_What you need to do:_ Reprint the lines below as they are, minus the pictures.

(Source data)

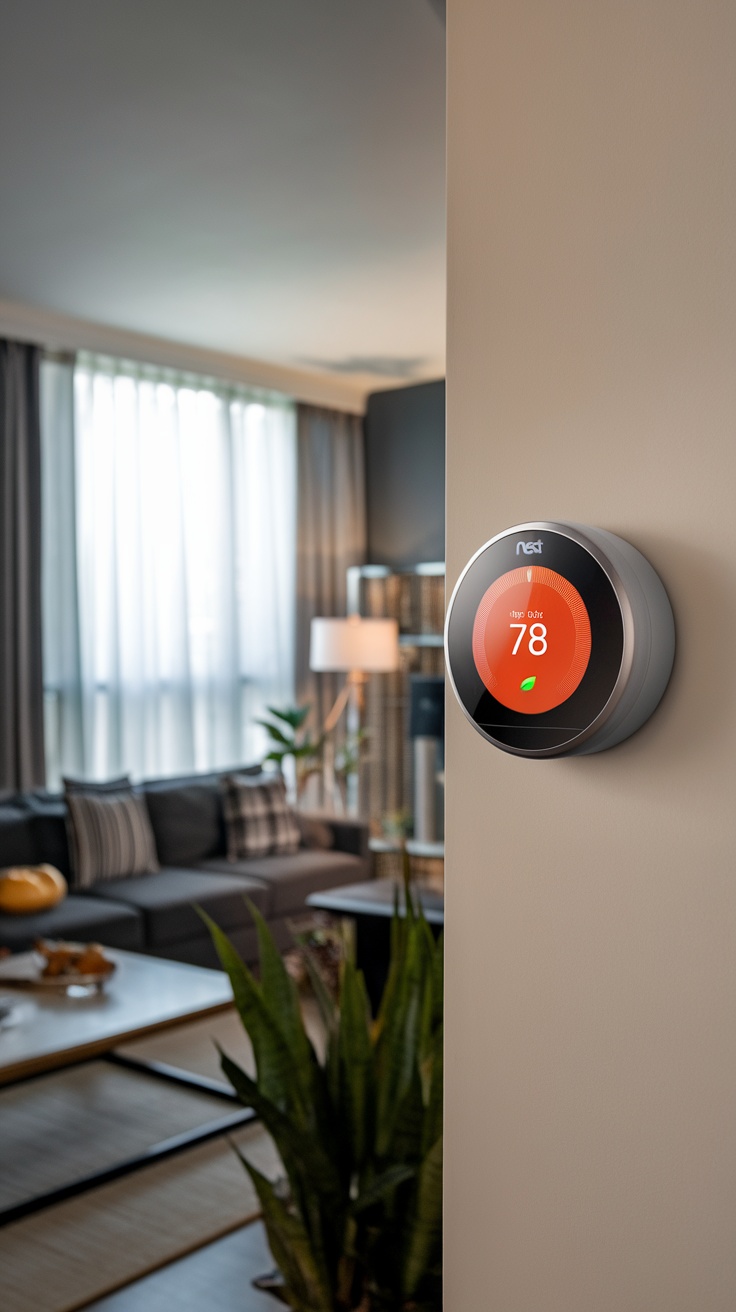 A Nest Learning Thermostat on a wall displaying 78 degrees in a modern living room.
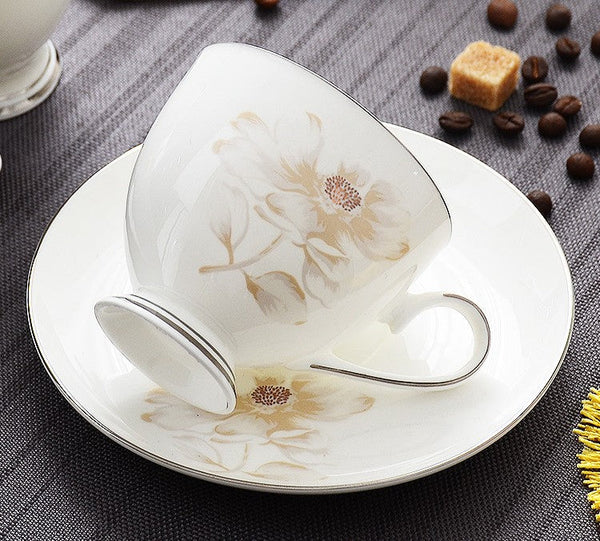 Elegant Flower Pattern Ceramic Coffee Cups, Beautiful British Tea Cups, Unique Porcelain Cup and Saucer, Creative Bone China Porcelain Tea Cup Set-Grace Painting Crafts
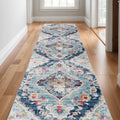 14 Blue Gray And Pink Oriental Runner Rug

(End Source data)

_Response for this exercise:_
 A Nest Learning Thermostat on a wall displaying 78 degrees in a modern living room.
 Elegant Flower Pattern Ceramic Coffee Cups, Beautiful British Tea Cups, Unique Porcelain Cup and Saucer, Creative Bone China Porcelain Tea Cup Set-Grace Painting Crafts
 14 Blue Gray And Pink Oriental Runner Rug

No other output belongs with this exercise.